==== Given data ====

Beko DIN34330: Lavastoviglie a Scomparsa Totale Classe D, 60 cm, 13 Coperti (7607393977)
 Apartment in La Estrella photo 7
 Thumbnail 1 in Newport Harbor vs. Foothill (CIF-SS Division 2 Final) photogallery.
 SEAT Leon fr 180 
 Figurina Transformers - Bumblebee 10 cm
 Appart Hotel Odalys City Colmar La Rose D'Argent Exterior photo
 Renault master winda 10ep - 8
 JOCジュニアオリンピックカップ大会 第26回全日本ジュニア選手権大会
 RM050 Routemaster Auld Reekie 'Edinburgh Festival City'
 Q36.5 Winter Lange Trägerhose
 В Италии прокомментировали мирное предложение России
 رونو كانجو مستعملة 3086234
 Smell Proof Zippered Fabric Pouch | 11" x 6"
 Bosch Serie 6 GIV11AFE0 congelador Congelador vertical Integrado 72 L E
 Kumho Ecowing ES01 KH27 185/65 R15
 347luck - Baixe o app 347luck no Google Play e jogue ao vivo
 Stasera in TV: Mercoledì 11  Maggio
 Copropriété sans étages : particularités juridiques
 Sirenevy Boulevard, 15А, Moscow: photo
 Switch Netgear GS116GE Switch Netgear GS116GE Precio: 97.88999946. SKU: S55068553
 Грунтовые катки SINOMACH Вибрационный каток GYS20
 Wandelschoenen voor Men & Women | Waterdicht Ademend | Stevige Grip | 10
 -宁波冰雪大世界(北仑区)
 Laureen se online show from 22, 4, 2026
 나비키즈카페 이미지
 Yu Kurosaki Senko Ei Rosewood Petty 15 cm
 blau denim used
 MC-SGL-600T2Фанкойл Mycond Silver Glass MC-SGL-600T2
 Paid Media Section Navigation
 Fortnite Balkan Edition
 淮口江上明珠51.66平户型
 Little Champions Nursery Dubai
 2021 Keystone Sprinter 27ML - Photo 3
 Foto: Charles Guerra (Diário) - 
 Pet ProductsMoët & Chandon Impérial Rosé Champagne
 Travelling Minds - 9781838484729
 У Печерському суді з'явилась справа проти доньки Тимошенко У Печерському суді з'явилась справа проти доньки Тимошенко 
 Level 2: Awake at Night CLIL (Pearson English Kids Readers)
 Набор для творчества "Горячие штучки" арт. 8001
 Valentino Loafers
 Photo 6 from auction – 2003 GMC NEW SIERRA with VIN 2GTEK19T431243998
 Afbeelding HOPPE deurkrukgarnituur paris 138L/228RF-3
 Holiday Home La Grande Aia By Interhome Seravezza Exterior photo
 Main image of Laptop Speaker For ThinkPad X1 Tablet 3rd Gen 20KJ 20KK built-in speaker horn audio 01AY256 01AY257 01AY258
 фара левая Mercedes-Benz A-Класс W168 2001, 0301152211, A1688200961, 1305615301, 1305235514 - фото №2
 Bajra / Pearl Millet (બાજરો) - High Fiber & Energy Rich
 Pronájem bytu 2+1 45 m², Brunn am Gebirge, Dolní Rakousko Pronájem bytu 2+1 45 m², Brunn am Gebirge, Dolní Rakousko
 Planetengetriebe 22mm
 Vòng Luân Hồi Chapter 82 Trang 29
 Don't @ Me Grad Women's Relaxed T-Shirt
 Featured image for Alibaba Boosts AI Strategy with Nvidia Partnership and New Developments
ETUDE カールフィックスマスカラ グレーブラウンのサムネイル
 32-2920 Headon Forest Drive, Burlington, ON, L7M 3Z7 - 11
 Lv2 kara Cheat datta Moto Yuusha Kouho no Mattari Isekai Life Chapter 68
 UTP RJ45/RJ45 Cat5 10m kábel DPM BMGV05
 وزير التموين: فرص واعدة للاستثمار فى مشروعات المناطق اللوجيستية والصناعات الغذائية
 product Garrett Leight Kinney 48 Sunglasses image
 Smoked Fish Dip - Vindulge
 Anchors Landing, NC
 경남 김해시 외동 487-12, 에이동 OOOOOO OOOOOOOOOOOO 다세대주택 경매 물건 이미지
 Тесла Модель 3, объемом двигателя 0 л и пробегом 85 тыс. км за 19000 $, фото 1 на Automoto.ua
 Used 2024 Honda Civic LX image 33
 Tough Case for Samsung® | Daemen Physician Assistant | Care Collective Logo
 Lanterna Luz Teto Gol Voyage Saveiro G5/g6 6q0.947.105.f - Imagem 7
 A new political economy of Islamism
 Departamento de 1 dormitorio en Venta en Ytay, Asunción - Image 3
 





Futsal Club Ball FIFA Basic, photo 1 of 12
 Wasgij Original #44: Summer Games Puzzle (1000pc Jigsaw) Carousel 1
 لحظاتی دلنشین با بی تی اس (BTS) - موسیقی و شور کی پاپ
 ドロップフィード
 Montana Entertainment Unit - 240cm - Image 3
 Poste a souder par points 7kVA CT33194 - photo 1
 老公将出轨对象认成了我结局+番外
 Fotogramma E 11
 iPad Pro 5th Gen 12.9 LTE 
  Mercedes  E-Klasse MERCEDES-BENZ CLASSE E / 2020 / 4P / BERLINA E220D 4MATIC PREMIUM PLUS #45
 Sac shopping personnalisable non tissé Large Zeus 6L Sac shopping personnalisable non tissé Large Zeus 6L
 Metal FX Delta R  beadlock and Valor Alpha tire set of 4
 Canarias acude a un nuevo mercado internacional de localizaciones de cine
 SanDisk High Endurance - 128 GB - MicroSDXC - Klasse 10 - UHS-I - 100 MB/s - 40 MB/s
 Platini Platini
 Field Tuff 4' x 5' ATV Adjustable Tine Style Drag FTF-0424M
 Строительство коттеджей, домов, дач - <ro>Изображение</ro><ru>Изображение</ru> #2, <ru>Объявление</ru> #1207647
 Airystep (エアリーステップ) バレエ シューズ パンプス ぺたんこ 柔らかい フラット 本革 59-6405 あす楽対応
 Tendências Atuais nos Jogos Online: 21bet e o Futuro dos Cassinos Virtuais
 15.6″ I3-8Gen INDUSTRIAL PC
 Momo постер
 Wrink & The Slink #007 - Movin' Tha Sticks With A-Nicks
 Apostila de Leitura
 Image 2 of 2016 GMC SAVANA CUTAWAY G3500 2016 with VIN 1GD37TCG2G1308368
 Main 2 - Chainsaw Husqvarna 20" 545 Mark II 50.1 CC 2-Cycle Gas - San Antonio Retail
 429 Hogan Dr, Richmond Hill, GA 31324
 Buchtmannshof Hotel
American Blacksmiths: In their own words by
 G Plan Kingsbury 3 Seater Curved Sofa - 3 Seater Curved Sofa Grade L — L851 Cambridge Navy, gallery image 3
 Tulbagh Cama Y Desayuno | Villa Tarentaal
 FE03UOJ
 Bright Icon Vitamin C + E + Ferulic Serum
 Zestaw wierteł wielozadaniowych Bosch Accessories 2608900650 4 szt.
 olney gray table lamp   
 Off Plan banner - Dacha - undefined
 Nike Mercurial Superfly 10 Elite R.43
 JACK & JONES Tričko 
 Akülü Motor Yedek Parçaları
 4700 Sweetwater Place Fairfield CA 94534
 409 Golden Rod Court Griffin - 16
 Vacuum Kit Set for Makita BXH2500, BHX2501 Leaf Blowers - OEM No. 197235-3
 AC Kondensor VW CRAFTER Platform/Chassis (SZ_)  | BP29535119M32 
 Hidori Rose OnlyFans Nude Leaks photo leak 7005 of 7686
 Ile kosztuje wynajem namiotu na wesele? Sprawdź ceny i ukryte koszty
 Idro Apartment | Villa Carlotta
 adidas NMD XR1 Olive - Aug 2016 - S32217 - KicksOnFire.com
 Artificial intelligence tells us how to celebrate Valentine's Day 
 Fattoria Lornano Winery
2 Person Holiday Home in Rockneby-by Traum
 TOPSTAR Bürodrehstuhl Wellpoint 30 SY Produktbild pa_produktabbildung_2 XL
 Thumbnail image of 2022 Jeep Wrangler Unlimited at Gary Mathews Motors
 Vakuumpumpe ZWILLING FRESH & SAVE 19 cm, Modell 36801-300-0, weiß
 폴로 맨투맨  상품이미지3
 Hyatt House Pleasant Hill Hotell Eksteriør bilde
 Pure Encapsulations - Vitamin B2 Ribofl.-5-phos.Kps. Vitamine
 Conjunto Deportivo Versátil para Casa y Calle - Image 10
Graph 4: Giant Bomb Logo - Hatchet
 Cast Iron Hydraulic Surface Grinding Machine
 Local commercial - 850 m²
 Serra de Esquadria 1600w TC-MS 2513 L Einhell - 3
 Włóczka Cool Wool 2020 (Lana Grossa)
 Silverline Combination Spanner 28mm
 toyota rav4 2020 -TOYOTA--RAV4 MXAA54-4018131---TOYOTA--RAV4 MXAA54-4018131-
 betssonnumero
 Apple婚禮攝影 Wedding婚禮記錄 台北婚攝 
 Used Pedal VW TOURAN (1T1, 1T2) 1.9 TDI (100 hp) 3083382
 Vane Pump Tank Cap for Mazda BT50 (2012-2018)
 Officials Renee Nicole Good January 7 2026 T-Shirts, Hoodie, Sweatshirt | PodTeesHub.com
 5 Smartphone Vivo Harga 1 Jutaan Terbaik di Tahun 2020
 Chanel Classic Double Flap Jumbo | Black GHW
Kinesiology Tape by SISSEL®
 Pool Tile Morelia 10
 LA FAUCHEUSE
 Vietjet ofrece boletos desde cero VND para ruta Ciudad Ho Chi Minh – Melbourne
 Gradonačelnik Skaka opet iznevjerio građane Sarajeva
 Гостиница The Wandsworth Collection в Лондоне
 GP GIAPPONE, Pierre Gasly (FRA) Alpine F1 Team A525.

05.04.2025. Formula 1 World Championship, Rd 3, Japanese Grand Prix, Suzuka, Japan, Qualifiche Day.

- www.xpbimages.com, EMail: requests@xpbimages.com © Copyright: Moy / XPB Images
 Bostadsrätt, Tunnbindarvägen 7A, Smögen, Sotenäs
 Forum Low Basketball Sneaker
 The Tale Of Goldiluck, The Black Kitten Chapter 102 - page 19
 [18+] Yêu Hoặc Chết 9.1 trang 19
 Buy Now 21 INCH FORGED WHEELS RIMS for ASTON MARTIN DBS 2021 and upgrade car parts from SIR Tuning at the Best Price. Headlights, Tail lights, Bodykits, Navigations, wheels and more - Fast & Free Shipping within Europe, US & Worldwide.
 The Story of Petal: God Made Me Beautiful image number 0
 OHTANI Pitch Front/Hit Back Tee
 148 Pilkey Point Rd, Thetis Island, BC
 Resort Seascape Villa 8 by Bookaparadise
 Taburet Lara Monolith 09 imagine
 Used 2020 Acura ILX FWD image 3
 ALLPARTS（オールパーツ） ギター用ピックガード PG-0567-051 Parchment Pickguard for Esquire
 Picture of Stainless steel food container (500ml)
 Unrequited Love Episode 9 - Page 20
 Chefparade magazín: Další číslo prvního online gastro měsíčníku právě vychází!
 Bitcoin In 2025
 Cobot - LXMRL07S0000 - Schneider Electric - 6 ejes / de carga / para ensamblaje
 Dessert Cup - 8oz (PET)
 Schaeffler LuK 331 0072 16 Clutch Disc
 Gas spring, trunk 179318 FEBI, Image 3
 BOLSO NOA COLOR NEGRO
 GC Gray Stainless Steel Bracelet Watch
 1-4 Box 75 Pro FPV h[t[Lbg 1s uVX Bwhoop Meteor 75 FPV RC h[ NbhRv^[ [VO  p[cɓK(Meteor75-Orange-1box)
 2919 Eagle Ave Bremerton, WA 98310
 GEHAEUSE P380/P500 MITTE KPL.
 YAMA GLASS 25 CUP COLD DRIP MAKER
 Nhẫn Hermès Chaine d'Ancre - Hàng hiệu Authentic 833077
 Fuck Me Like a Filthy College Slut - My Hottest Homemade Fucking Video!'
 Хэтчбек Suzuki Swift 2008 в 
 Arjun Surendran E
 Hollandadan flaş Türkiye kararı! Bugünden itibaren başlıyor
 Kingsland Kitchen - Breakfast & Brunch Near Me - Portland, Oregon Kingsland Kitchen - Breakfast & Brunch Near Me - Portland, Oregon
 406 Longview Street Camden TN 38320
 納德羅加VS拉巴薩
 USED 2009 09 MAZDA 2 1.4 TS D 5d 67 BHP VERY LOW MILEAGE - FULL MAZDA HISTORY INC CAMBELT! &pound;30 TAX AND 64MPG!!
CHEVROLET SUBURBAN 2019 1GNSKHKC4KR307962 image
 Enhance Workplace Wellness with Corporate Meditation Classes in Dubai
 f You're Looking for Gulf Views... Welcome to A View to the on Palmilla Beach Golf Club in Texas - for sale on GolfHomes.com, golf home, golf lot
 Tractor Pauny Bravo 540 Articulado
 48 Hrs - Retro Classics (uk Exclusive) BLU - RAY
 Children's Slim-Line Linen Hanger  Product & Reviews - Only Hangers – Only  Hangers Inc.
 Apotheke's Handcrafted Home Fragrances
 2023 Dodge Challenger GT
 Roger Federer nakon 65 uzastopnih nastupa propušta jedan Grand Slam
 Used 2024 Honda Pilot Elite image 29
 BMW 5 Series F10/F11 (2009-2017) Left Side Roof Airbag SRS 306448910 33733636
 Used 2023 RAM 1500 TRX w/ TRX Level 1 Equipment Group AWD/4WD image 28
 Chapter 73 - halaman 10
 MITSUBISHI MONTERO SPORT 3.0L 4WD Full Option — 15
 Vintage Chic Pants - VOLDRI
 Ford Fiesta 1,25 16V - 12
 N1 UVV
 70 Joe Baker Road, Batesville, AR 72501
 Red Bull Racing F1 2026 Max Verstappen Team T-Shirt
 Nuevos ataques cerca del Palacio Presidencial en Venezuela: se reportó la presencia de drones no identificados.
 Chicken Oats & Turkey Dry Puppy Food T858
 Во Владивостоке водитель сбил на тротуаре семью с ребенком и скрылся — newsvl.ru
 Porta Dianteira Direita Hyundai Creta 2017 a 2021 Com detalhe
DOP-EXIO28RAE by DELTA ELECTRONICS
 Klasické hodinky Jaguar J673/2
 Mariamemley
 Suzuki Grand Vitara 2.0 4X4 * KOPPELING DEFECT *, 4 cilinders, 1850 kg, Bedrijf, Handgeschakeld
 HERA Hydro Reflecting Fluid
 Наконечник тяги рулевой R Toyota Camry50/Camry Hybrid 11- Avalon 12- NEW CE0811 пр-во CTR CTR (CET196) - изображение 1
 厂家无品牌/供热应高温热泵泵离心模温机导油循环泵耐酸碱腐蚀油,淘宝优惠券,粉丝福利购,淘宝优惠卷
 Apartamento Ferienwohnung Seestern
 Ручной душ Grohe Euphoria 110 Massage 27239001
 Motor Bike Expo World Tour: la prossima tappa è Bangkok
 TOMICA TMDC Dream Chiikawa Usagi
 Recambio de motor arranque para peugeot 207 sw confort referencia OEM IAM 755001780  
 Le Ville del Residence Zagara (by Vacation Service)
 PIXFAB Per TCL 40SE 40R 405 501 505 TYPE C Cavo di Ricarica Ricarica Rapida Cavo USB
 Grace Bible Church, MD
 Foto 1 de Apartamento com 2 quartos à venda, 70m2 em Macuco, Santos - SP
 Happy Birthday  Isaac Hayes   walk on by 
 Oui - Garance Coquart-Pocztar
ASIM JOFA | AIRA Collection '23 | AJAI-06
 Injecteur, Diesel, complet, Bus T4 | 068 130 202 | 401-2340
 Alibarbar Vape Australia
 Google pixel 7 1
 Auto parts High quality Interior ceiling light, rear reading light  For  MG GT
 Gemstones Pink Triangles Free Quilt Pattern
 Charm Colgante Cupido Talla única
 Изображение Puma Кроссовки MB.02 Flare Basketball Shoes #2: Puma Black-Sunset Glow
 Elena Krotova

====

Work request
The answer must be every line of the data that contains the word "Basketball".

The completed task
 Forum Low Basketball Sneaker
 Изображение Puma Кроссовки MB.02 Flare Basketball Shoes #2: Puma Black-Sunset Glow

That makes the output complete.